Starting with the line that contains "2020 Kia Forte", return every line through the end of the listing below exactly as written. Omit the pictures.

**RECORDED INFORMATION**.

———

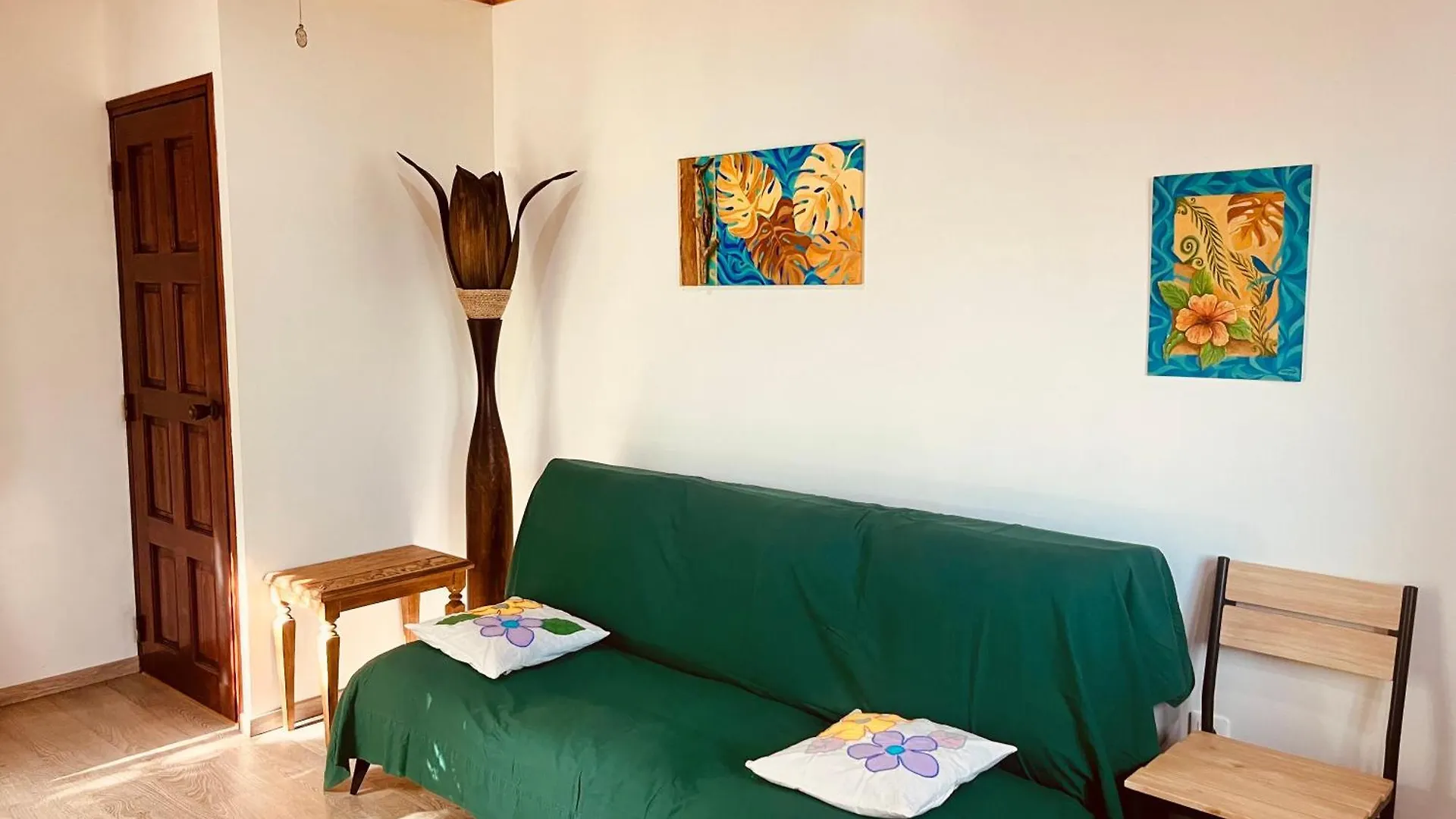 Fare VI Apartment French Polynesia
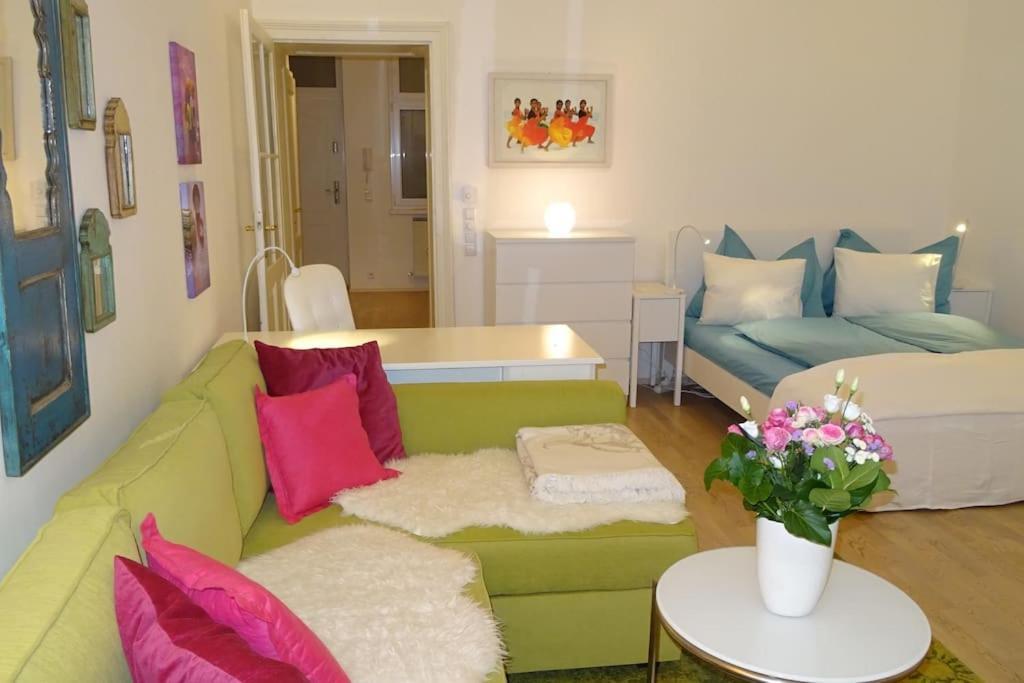 Danube Art Apartments Виена Екстериор снимка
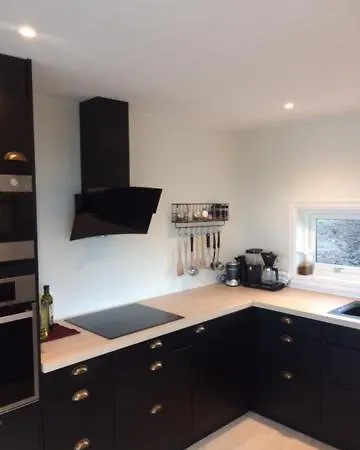 Seaside With Hot Tub And Sauna Sleeps 11 Forland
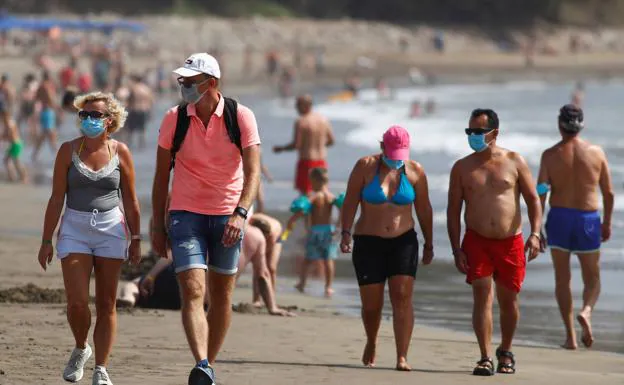 Tourists stroll along a beach in Gran Canaria./Reuters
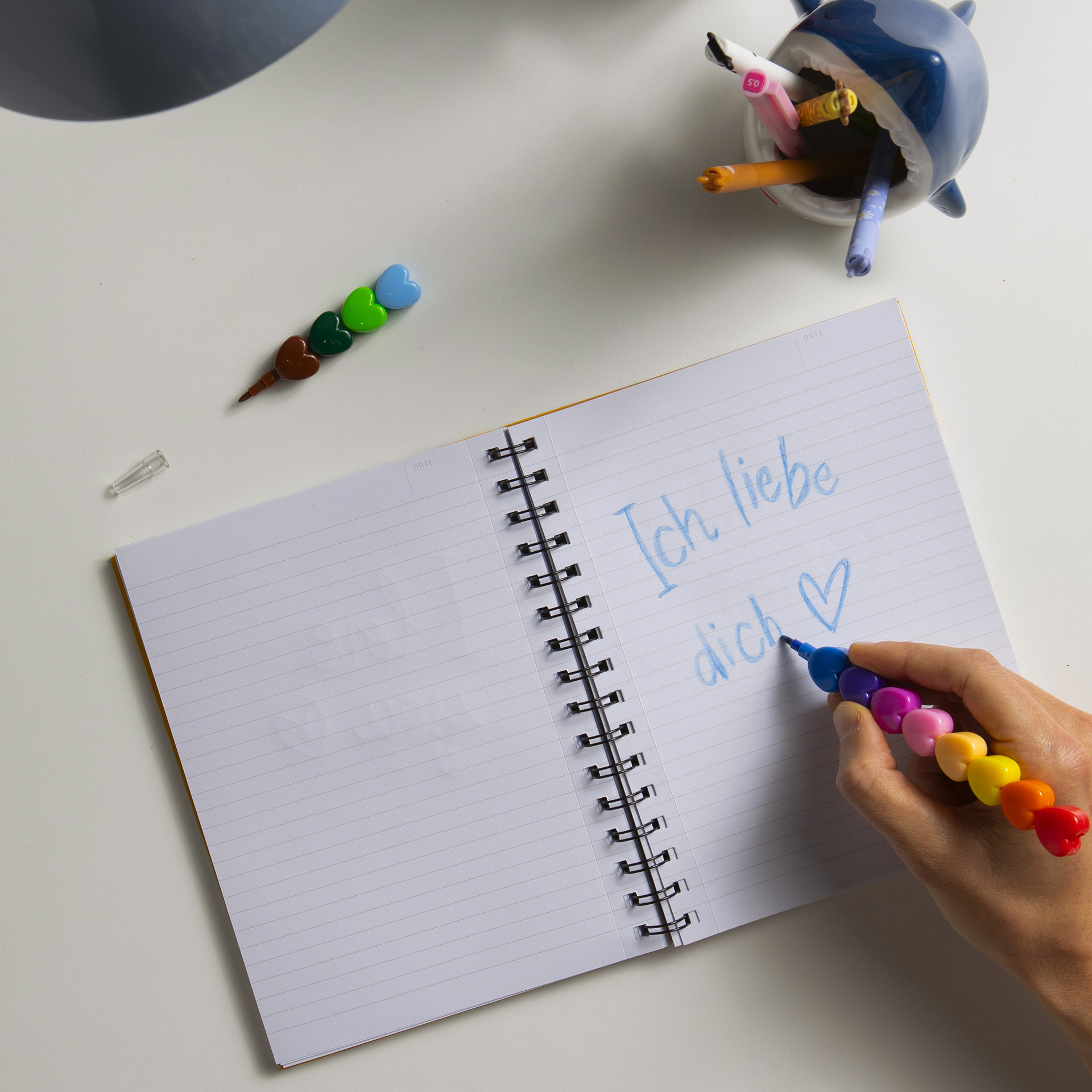 Legami 12 Stapelbare Buntstifte Crayons Dream in Colour Heart Herz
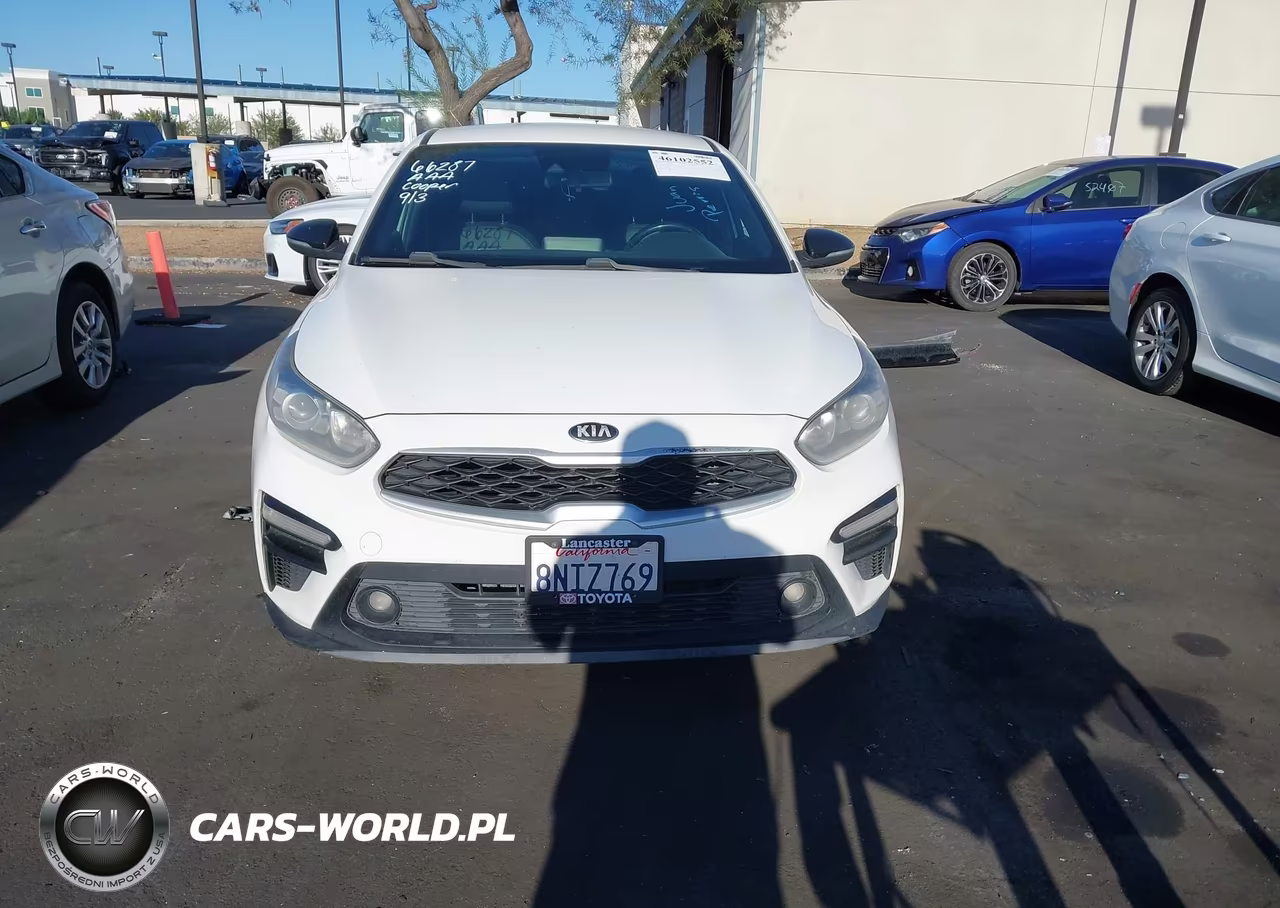 2020 Kia Forte Gt-Line VIN:3KPF34AD6LE167985 - 13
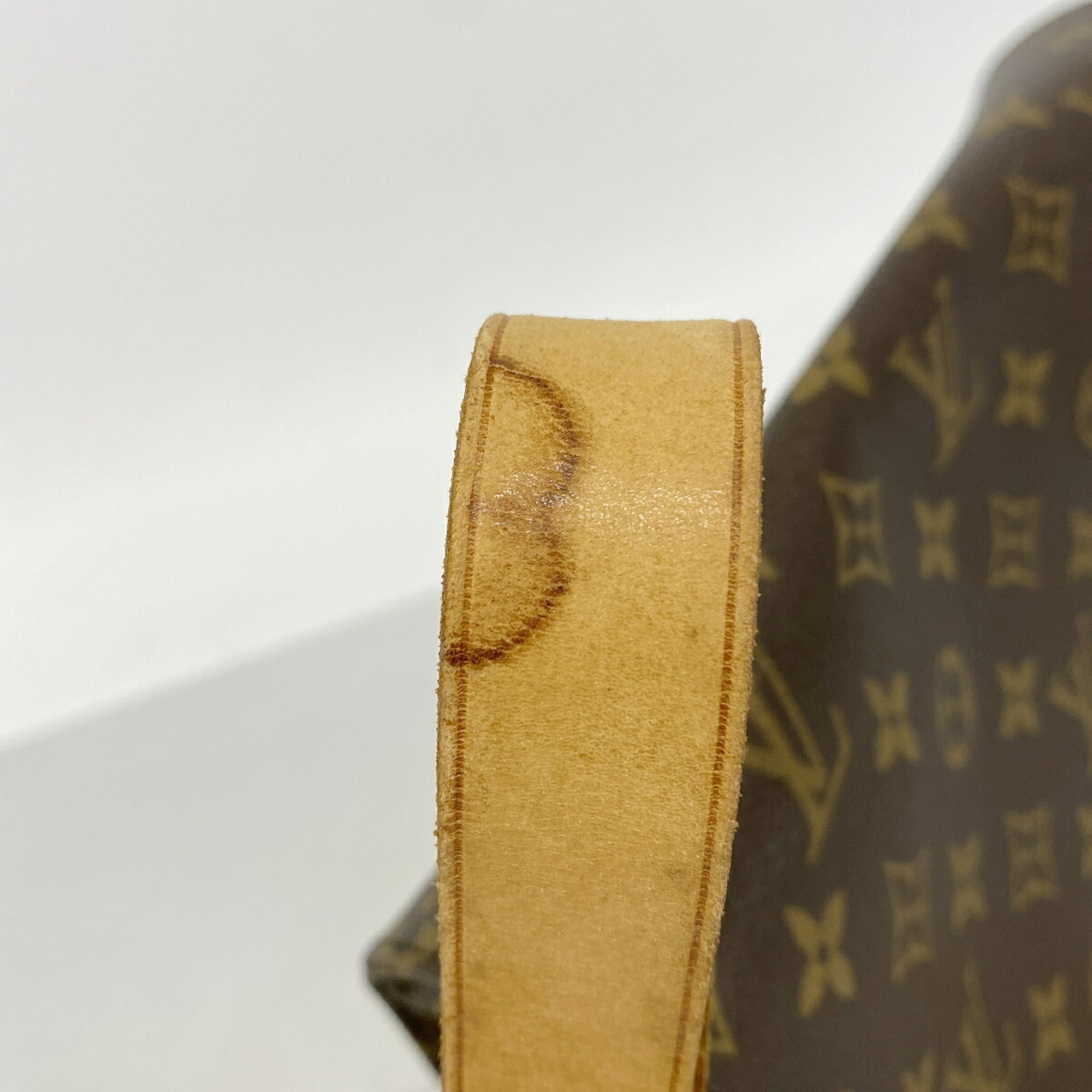Louis Vuitton Brown Shoulder Bag (Pre-Owned)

———

**SOLUTION**.
 2020 Kia Forte Gt-Line VIN:3KPF34AD6LE167985 - 13
Louis Vuitton Brown Shoulder Bag (Pre-Owned)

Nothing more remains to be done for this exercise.